Plaisir
Loin de l'austérité souvent décrite autour du développement durable, celui-ci est une source de découverte permanente de nouveaux plaisirs. A condition de savoir les trouver !
Est-ce notre culture ? Le plaisir est suspect. Les bonnes choses sont mal vues, il doit y avoir une faute quelque part. Même dans les chansons, le plaisir d’amour est source de chagrin, qui dure en plus toute la vie. Le développement durable, dans cette approche volontiers moralisante, suppose que l’on se serre la ceinture, que l’on fasse des sacrifices.
C’est le prix à payer pour les excès d’hier, auxquels on a bien du mal à mettre un terme. Tel qui rit vendredi dimanche pleurera, le célèbre alexandrin de Racine dans Les Plaideurs, résume bien ce sentiment que l’on ne peut avoir de bonheur sans le payer au prix fort. Le développement durable est ainsi pris en otage d’une culpabilité ambiante. Il devient une ascèse, un régime de rigueur. Oui, la rigueur, s’il s’agit d’un mode de pensée, qui s’interdit les impasses et s’efforce d’intégrer tous les acteurs et tous les paramètres. Non si la rigueur est synonyme d’austérité.Il faut effectivement changer de modèle de développement, mais pourquoi renoncer au plaisir ? Ne peut-on pas trouver d’autres modes de vie tout aussi riches en émotions, en émerveillements, en sentiment de plénitude ?
Les plaisirs d’aujourd’hui sont souvent liés à la possession d’un bien, à la consommation directe ou indirecte d’espaces, de ressources naturelles. Plus on possède, plus on consomme de biens matériels, plus on est heureux, plus on le montre, et plus on en donne envie. Dans un monde statique, figé, ce serait peut-être vrai, mais dans un monde en perpétuelle évolution comme le nôtre, ces plaisirs sont souvent éphémères et illusoires. A peine a-t-on accès à un niveau de consommation qu’il faut aller plus loin. Le voisin l’a déjà fait, la publicité et le conformisme ont ringardisé ce que je viens juste d’obtenir. Il faut vite profiter de sa fierté, et de son plaisir, ils ne résistent pas longtemps à la marche inexorable du « Progrès ».
Comment sortir de cette impasse ? Jean-Louis Etienne nous donne une clé : « Il y a de la jouissance dans la frugalité » (1).La frugalité n’est pas qu’une privation, elle peut aussi devenir un art de vivre. Un minimalisme qui se cultive et s’enrichit de l’ouverture aux biens gratuits, offerts à tous par la vie en société et par la nature, tels que le cycle des saisons, les rythmes de la nature. Faut-il encore apprendre à les gouter, comprendre leur complexité et savoir y trouver des satisfactions.

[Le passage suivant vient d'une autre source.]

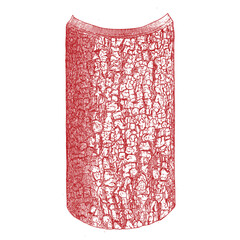 Hand drawing of a tree bark.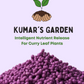 Curry Leaf Plants Fertilizer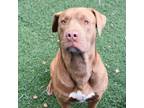 Adopt Little Man a Chocolate Labrador Retriever, Pit Bull Terrier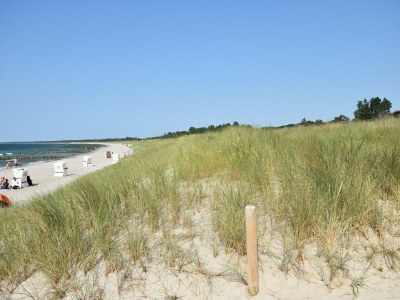 Apartment Ferienwohnung Parkblick mit 3 Schlafzimmern - Environment photo 33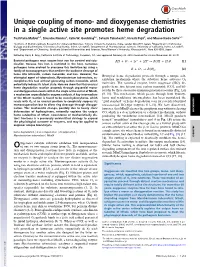 Unique Coupling of Mono- and Dioxygenase Chemistries in a Single Active Site Promotes Heme Degradation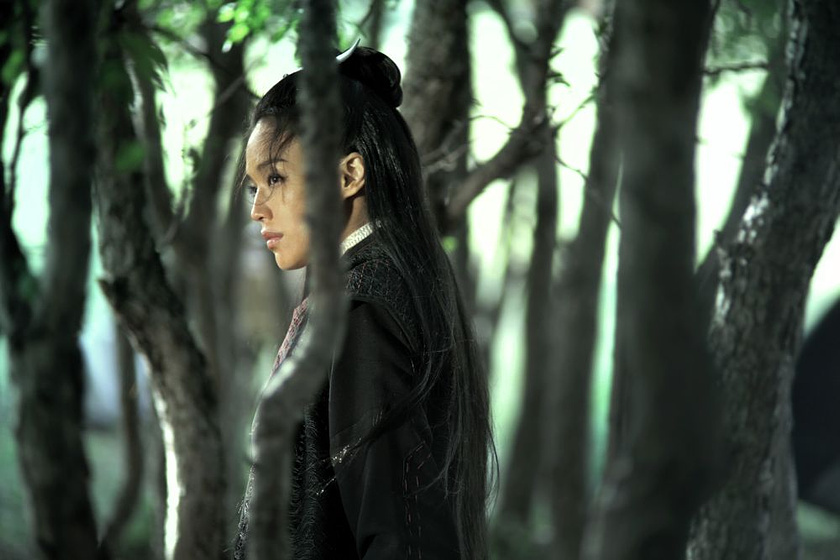 Qi Shu en The Assassin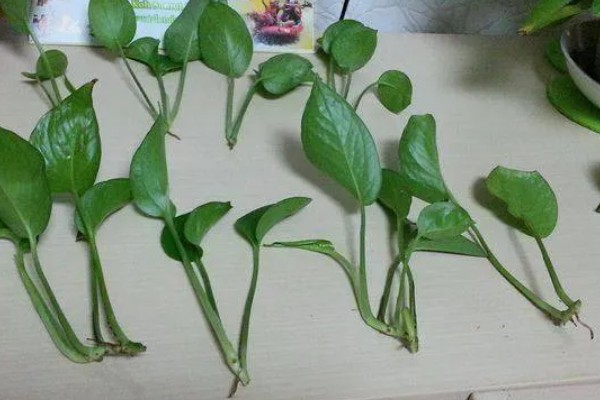 绿萝用什么土养，使用混合土壤比较好养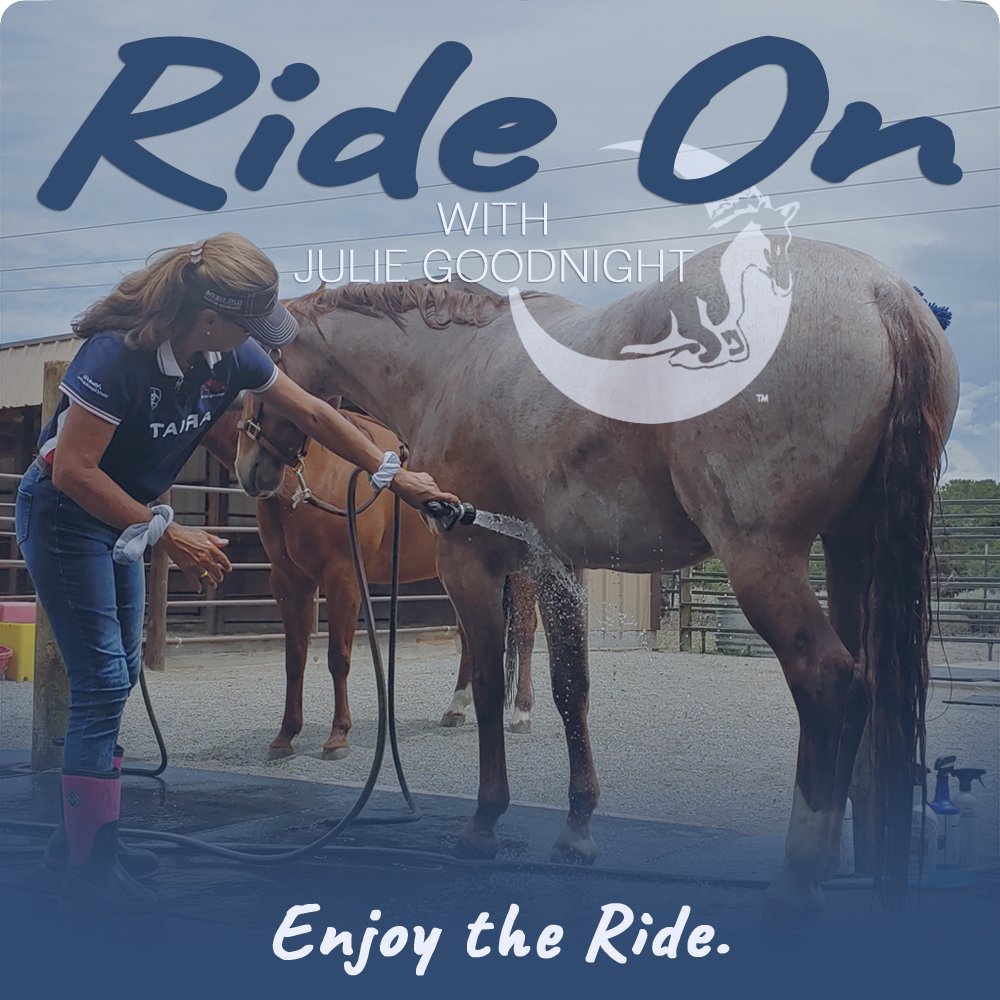 juliegoodnight's tweet photo. A new episode of my podcast is out now! I talk about best practices for keeping your horse comfortable in the hot summer months. Plus, I'll answer all-new listener ?'s in the What the Hay? Q&amp;A segment at the end of this show. Check it out: https://t.co/CFxvqNm4Wl https://t.co/71YDi45ASt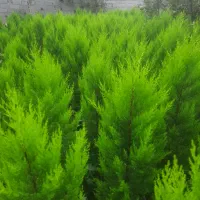 کاج لاوسون طلایی و یاس هلندی و شمشاد طلایی گلدونی|خدمات باغبانی و درختکاری|قائمشهر, |دیوار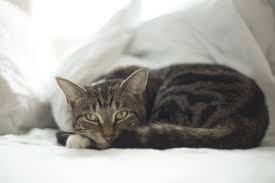Blood In Cat Poop Everything You Need To Know Vets Now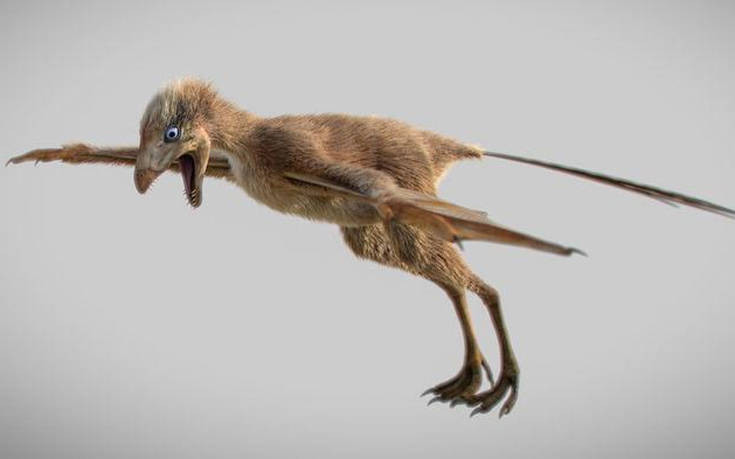 Ανακαλύφθηκε δεινόσαυρος με φτερά νυχτερίδας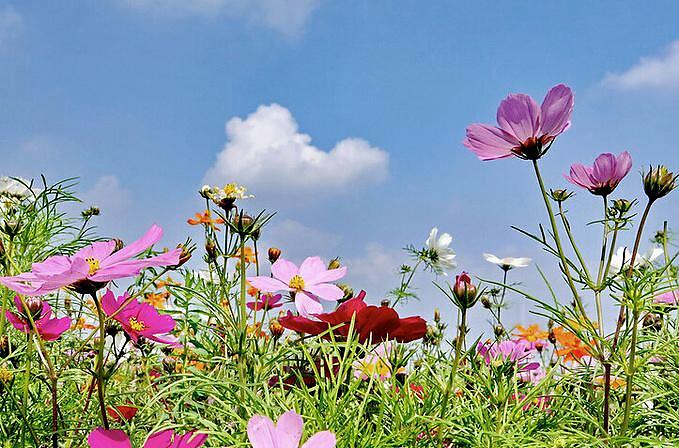 种植帮 象征着藏族文化的花朵—格桑花，寄托了藏族人民的美好情感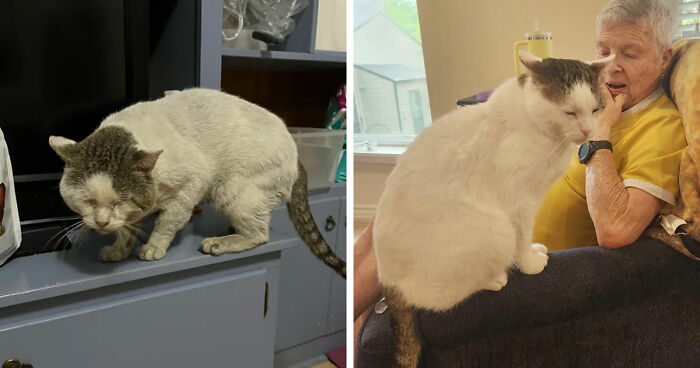 A cat finding a cozy spot on a shelf and later sitting comfortably on a person’s lap, showing perfect cat distribution system.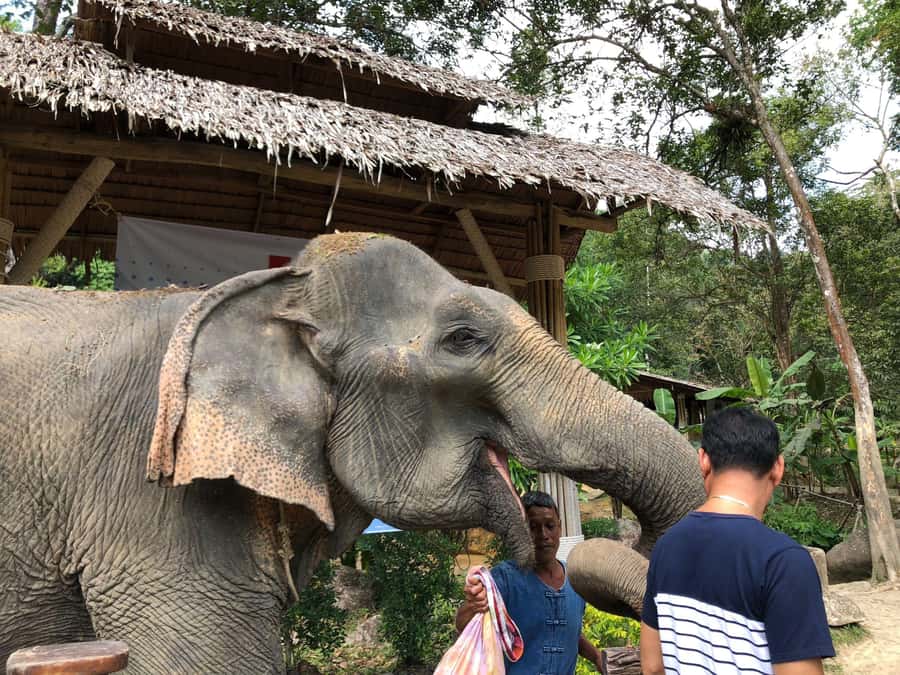 Phuket: White Water Rafting, Zipline, and Elephant Sanctuary - What to bring so you stay comfortable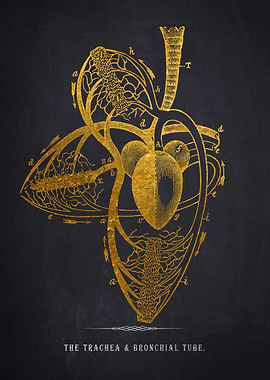 Gold Anatomical Heart Prin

La frugalité se cultive, elle a de la valeur, et elle en crée. Les sports de nature en témoignent abondamment, mais aussi les sports en chambre, tels que la belotte et la philatélie. Des activités qui provoquent de la passion, de la relation sociale, de la recherche permanente d’amélioration. Tout ça sans consommer beaucoup d’énergie ni de matières premières. Que du sentiment, de l'entraînement et de la matière grise. Est-ce vraiment de la frugalité ? On peut être exigeant en se contentant de peu, suppléer la quantité et l’Illusion de richesse qu’elle procure par de la qualité, signe distinctif autrement plus solide si celle-ci est évaluée à l’aune de valeurs stables. « Il peut y avoir du plaisir à devenir acteur de l’environnement », poursuit Jean-Louis Etienne. Bien sûr, comme il y a du plaisir à décorer sa maison, à cultiver son jardin, à observer les oiseaux aux premières lueurs du jour, ou encore à mijoter un plat dont vous me donnerez des nouvelles. Autant de plaisirs qui ne s’improvisent pas, qui demandent un savoir-faire et des efforts que l’on sera content de fournir si on a trouvé le mode de frugalité qui convient. Chacun sa frugalité, il y en a une multitude de possibles, à confectionner soi-même. Il convient d’être sélectif, et de rechercher l’excellence dans quelques domaines plutôt que de tout attraper, de peur de manquer, et de s’en goinfrer jusqu’à plus soif.
Une autre croissance est possible, comme dit le slogan, celle de l’excellence, de l’ingéniosité, de l’imagination, de la générosité, de l’ouverture et de l’indépendance d’esprit. Des valeurs durables, sources inépuisables de plaisir.